Brenner proposed that, just as molecular biology disappeared as a subdiscipline as it was absorbed into biological research as a whole, biomedical computing — whether it’s termed “digital biology,” “systems biology,” or “integrated biology” — will succeed “when everyone is a computational biologist.”
Providing a bit of perspective from the computational side of the equation, Microsoft CTO-turned-venture capitalist Nathan Myhrvold delivered another keynote that compared the current state of computational biology to “the state of computing in 1959.” While the big growth period in the field lies ahead, Myhrvold warned symposium attendees to pace themselves: “It isn’t a sprint, it’s a marathon,” he said.
Digital biology faces the same danger that many other technologies have already suffered from, Myhrvold said. Like artificial intelligence and, more recently, nanotechnology, Myhrvold said there’s a tendency for new approaches to be overhyped in the short run, and underhyped in the long run,” so it’s important to find equilibrium between raising public awareness and overpromising, he said.
In addition, Myhrvold cautioned attendees about the drive to set standards for biological data. The trick, he said, is finding “a balance between innovation and commonality. You don’t want to legislate out innovation” by enforcing strict data standards, he warned.

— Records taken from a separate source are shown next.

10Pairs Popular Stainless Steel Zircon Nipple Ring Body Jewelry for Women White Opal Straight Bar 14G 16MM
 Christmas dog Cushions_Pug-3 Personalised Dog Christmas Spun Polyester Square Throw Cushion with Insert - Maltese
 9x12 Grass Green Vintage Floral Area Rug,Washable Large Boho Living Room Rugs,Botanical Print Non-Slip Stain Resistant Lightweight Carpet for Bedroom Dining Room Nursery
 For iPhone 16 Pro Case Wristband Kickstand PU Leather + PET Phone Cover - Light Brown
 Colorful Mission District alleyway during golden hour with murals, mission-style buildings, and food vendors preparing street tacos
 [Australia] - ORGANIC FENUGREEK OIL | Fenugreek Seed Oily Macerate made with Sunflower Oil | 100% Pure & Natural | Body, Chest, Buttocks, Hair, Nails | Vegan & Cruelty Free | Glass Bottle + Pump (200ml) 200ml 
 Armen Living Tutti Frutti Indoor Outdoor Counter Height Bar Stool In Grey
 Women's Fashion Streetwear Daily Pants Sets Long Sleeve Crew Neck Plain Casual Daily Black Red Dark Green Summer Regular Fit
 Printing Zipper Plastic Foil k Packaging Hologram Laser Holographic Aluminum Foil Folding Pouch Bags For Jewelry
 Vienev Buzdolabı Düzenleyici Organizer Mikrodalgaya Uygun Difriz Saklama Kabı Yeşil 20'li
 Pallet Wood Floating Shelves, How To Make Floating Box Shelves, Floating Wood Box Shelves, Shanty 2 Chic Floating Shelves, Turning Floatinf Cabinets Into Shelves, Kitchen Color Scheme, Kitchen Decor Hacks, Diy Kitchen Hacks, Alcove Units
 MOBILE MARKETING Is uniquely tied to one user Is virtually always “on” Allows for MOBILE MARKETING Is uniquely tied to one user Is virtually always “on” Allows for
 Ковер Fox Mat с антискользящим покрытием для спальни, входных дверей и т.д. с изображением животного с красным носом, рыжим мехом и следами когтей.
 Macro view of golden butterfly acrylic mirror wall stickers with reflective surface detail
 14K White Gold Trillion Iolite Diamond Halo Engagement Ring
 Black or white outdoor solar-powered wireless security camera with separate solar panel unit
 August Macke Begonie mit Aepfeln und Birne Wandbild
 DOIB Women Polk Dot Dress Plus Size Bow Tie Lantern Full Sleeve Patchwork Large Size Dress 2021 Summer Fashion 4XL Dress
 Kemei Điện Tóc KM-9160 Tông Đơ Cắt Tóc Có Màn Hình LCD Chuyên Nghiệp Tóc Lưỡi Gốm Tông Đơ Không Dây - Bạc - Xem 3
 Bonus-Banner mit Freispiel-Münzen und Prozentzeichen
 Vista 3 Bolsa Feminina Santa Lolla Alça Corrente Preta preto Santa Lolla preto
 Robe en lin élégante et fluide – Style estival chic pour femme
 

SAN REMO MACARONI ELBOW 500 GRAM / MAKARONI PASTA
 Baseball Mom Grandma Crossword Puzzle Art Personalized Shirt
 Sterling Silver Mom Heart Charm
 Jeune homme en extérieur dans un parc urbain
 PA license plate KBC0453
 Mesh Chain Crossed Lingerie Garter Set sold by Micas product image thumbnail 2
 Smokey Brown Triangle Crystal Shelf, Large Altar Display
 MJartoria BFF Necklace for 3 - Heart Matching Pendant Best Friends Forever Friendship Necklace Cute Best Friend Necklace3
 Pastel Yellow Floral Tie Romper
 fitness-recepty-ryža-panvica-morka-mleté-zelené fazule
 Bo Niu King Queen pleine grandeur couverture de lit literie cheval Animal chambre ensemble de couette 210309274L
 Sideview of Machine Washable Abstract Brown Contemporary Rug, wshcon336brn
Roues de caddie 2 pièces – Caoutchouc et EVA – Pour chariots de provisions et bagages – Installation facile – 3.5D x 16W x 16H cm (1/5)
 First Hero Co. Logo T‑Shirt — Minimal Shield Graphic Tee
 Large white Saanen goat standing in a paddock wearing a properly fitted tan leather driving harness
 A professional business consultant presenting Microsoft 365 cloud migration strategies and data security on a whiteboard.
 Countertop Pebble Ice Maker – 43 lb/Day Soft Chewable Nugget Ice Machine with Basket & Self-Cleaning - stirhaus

Genomics is just the “first example of a big data problem in biology,” Myhrvold said, but many more are on their way. Like Brenner, Myhrvold provided an example of how the biomedical computing community will know it’s been fully accepted by the scientific community: “When there is a Nobel prize awarded for a bioinformatics algorithm.”
One of BISTI’s goals in hosting the symposium was to provide opportunities for NIH program directors to brainstorm with the biomedical computing community on ways to help guide future funding decisions. A final report on the symposium’s activities will include recommendations from the three concurrent sessions that were held to address what NIH sees as “unmet technology needs” in biomedical computing: data integration, quantitative biology, and grid computing.
Greg Farber of the National Center for Research Resources, who moderated the session on data integration, told BioInform that the findings from the sessions might ultimately lead to new requirements for NIH funding. In the data integration session, for example, attendees reached consensus on eight recommendations that ranged from the creation of “standard” methods for representing biological data to appointing community advisory boards for large-scale community resources to ensure interoperability. Farber said he welcomes input from the broader bioinformatics community before finalizing the report. Those interested in receiving a draft can contact him directly at [email protected].
Reports on the entire symposium, as well as Digital Biology Week’s satellite events, will be released in the next few months. Any future changes in NIH’s biomedical computing strategy will likely draw upon those recommendations, just as its recent commitment to fund the NCBC network grew out of the original 1999 BISTI report. Of course, the digital biology community is hoping that the process is a bit quicker this time around, and, according to Jakobsson, it will be. Initial NCBC grant announcements are expected as early as this spring, he told BioInform. In addition, he said, NIH is also about to announce a companion program to NCBC that will support individual investigators who will work with the centers in an effort to support “both big science and small science.”